For the majority of workers in platform-determined platform work, their attributed status as employee improves their access to employment rights and the enforceability of such rights. However, due to the high demand for such work, platforms keep employment and working conditions at the required minimum standards. Several platforms stop mediating such tasks as it is not attractive for them anymore, limiting the offer of work even more.

Sector regulation

Another regulatory clarification is that of the sector attribution of platforms, where a specific trade regulation for platforms is defined: ‘matching services’. This takes into account the particularities of this business model and employment form, as well as its competitive position regarding related sectors in the traditional economy – for example, temporary work agencies, transport (in the case of platform-determined work), and construction (in the case of worker-initiated work).

This sector regulation sets clear standards for entering and doing business in the platform economy, considering its impact on the traditional economy and society. This not only helps to level the playing field for actors within the platform economy and between the platform and the traditional economies, but also avoids negative societal effects thanks to transparent and clear standards. Furthermore, the clear attribution of platforms to a specific sector fosters social dialogue and collective bargaining. Representation of platform workers becomes stronger, and effective negotiations between workers and platforms, or among their representatives, take place.

Information obligations regarding tax and social insurance

The EU builds a framework to clarify platforms’ obligations to report information on workers’ earnings, for tax and social protection purposes. Implementation is left to the discretion of Member States: they decide which platforms should declare, the type of information required and the mechanisms for declaration. Most likely, this leads to a diversity of approaches across Member States.

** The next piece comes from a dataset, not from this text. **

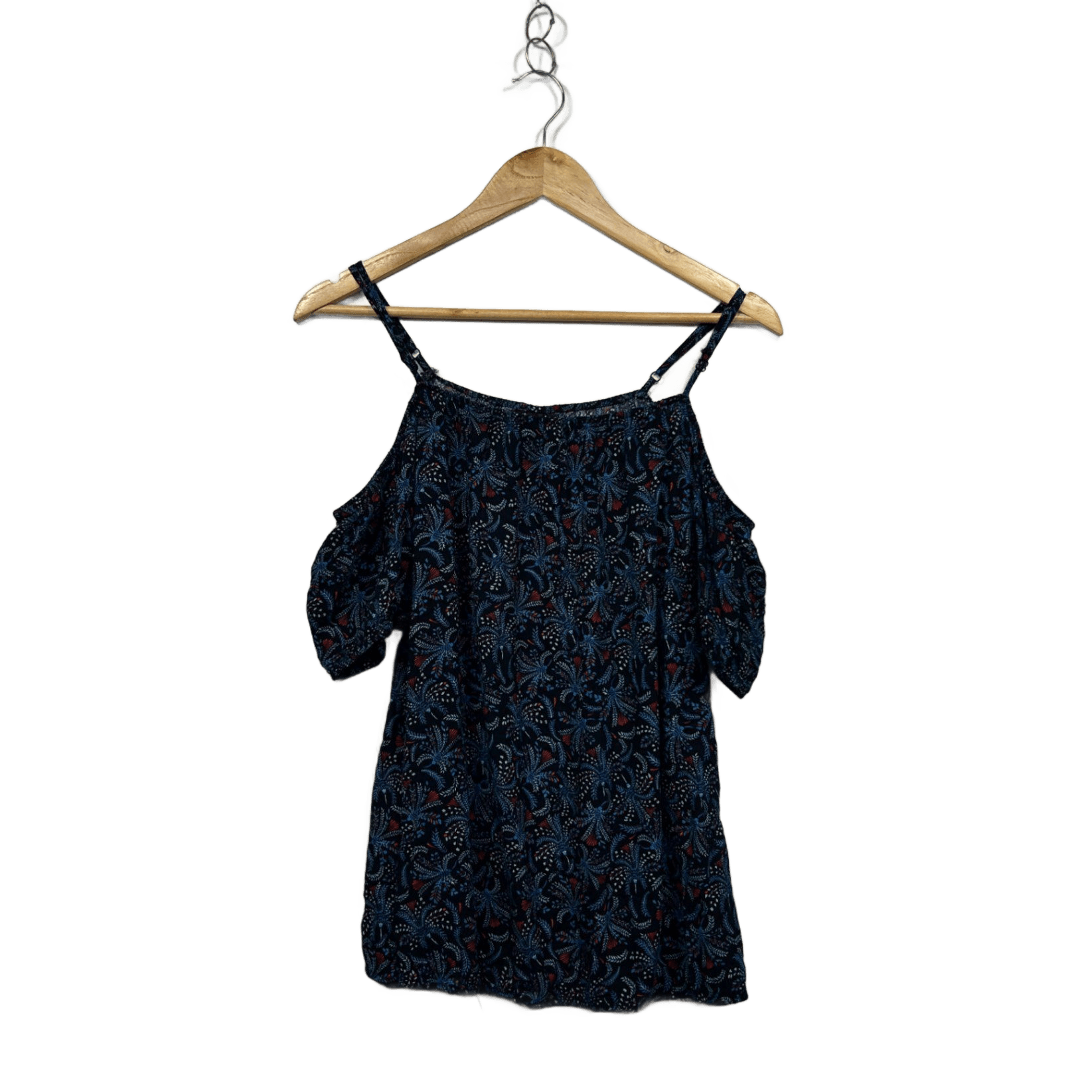 City Chic Womens Black Blue Floral Round Neck Cold Shoulder Top Blouse Size 14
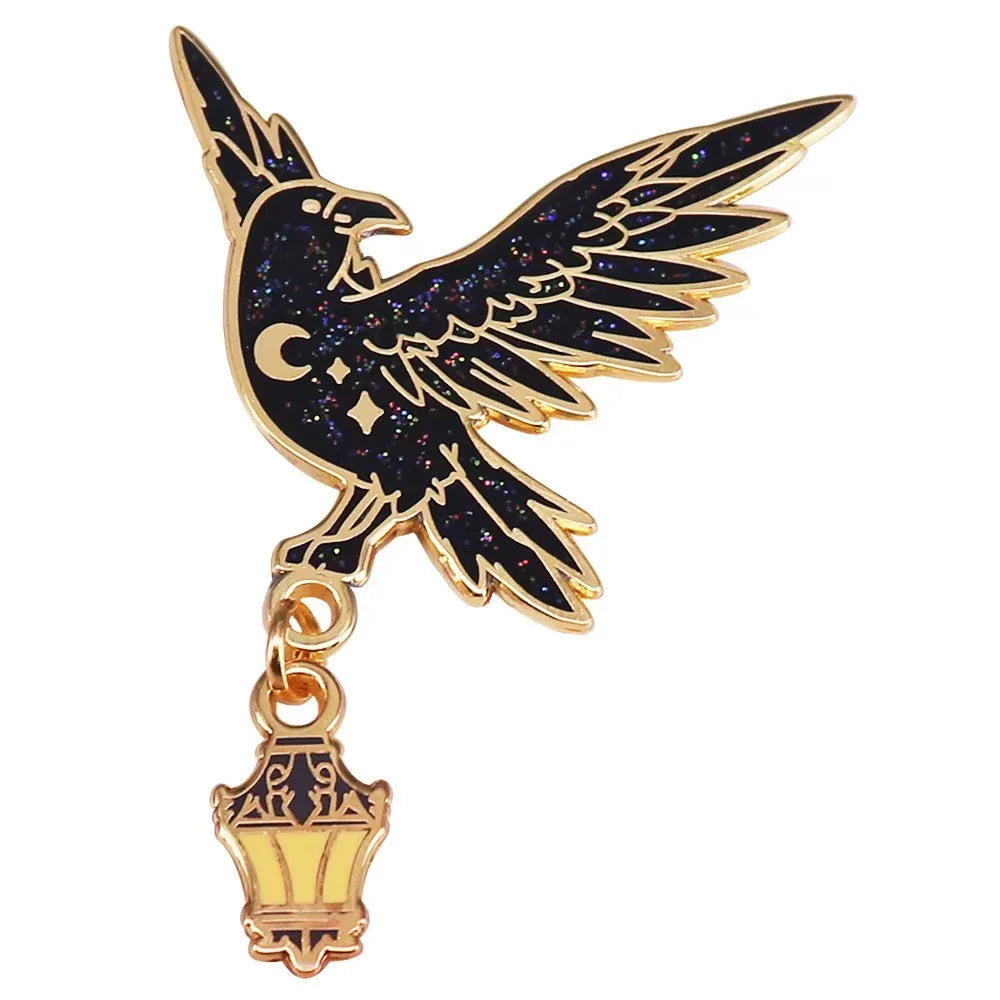 Black Eagle Enamel Brooch Pin Accessory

From the perspective of platforms, this is an incentive to be active in those Member States in which requirements are less burdensome. From a state and societal perspective, stricter information obligations can contribute to reducing undeclared work and limiting state income loss due to the evasion of taxes and social insurance contributions. At the same time, some countries opt for alleviating the administrative burden for platforms to attract new platform dynamics for outcompeting other countries.

Platform ownership and governance

Due to some of the prevalent regulatory frameworks, it becomes less attractive for profit-oriented platforms to provide services, and alternative governance structures that follow a stakeholder approach gain ground. Furthermore, taking a different angle in the attempt to regulate the platform economy, public actors establish platforms with a twin objective: firstly, to making services of general interest (for example, transport and home care) accessible to a larger group in society, from geographically well-dispersed providers at reasonable prices; and secondly, to offer decent employment and working conditions to workers. To achieve these goals, the offers of work and service provision are heavily co-funded by the public budget. Such subsidies place a burden on the public budget and require the state to find additional ways to generate an income. Increased taxation or reduced funds in other areas foments societal discontent and places social cohesion at risk.

Platform business model

As a reaction to the changing competitive landscape, platforms adapt their business models. They either mediate a specific type of task only or fully diversify and offer a comprehensive set of services. There is no mix of business models, nor a ‘medium’ position. This results in more direct competition between platforms, as it is easier for clients to compare the services offered; clients, facilitated by the technological advancements, have better access to information and can make more informed decisions. The increasing competitive pressure makes it more difficult for new platforms to enter the market, and established platforms are continuously challenged to retain their position. This competition fosters continuous innovation of service offers to attract clients.